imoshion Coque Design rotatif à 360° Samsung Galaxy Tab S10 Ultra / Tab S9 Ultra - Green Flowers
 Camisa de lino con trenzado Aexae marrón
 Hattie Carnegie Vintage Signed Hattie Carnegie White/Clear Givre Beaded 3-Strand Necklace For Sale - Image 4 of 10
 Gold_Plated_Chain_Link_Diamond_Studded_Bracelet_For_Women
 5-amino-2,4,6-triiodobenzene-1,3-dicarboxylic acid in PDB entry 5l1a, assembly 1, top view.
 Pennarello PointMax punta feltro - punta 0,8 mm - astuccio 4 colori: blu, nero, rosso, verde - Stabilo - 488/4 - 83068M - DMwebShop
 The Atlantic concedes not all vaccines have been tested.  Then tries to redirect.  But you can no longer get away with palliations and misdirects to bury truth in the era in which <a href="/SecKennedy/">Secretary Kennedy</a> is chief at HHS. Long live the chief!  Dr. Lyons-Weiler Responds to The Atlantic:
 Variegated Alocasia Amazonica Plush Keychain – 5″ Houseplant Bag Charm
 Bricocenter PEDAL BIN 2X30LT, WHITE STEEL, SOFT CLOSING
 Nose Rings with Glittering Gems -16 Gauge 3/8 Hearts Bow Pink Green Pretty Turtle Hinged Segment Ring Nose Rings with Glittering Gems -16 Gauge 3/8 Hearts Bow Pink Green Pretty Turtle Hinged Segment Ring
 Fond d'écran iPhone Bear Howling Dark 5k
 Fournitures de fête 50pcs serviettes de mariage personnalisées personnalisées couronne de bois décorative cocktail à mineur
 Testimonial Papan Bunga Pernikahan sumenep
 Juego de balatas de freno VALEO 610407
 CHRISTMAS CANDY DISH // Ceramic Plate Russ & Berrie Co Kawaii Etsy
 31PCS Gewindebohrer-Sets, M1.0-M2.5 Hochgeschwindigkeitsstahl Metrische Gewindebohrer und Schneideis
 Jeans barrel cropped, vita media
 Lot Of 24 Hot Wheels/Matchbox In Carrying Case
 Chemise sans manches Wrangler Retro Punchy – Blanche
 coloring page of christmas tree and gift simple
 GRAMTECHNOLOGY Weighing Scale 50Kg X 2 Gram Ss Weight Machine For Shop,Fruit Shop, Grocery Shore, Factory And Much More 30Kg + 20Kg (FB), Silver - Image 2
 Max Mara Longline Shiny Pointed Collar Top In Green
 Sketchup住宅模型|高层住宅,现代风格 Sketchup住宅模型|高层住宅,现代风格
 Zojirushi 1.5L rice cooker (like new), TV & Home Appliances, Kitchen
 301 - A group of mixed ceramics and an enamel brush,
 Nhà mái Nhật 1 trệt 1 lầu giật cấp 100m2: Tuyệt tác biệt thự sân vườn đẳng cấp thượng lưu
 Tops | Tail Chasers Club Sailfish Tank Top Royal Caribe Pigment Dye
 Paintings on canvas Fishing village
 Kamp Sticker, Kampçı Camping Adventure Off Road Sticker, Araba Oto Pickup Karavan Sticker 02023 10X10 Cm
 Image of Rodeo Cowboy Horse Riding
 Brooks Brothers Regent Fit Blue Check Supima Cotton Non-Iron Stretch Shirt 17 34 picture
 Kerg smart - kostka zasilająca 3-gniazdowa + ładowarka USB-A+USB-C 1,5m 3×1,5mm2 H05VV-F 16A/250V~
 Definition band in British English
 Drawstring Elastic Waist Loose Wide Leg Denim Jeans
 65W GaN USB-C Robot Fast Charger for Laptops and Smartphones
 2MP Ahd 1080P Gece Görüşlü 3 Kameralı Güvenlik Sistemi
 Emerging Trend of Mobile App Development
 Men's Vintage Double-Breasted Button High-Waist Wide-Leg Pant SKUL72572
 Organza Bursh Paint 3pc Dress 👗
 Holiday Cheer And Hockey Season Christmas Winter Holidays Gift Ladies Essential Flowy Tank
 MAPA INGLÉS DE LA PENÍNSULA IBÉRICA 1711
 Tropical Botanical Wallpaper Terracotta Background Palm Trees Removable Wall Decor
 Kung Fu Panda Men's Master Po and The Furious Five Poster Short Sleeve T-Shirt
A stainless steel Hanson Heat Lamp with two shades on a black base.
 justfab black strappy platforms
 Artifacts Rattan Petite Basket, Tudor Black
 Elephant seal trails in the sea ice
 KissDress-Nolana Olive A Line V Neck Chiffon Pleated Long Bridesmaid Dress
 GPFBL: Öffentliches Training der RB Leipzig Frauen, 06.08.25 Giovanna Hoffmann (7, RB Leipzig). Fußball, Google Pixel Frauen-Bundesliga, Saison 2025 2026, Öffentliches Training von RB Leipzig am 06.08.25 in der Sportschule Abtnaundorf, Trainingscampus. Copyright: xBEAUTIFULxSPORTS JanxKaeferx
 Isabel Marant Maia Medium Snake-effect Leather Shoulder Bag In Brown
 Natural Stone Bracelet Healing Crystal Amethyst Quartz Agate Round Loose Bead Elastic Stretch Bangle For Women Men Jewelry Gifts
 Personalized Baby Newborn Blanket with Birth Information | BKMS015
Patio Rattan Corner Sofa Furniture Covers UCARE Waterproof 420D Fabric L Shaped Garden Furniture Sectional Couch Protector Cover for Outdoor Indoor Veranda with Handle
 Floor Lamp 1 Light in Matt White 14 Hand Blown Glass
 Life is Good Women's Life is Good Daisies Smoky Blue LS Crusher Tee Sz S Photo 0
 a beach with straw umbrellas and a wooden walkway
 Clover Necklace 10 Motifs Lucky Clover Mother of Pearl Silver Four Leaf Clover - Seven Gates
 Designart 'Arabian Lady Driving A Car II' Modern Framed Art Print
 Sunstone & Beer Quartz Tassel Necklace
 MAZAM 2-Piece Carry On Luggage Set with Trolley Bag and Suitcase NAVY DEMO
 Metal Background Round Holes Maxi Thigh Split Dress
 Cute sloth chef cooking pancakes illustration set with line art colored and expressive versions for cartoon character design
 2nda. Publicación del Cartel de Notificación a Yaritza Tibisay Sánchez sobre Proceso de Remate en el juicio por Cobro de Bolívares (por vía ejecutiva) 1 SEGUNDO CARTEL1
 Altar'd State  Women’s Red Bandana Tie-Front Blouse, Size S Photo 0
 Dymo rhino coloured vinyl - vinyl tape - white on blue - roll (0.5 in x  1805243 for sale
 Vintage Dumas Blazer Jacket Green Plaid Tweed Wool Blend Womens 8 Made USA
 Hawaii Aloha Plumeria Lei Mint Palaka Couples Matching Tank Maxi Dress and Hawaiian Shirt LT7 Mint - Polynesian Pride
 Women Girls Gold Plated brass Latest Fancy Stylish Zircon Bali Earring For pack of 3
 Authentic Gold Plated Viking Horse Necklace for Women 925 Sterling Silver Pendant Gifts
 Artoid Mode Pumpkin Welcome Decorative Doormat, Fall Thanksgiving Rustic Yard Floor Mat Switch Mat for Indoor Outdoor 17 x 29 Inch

=====

- **WHAT THE TASK REQUIRES**
Reproduce, word for word and in full, only the lines above that start at the line with "Definition band in British English" and run through the line with "MAPA INGLÉS DE LA PENÍNSULA IBÉRICA 1711", both ends included.

- **PROBLEM SOLUTION**
 Definition band in British English
 Drawstring Elastic Waist Loose Wide Leg Denim Jeans
 65W GaN USB-C Robot Fast Charger for Laptops and Smartphones
 2MP Ahd 1080P Gece Görüşlü 3 Kameralı Güvenlik Sistemi
 Emerging Trend of Mobile App Development
 Men's Vintage Double-Breasted Button High-Waist Wide-Leg Pant SKUL72572
 Organza Bursh Paint 3pc Dress 👗
 Holiday Cheer And Hockey Season Christmas Winter Holidays Gift Ladies Essential Flowy Tank
 MAPA INGLÉS DE LA PENÍNSULA IBÉRICA 1711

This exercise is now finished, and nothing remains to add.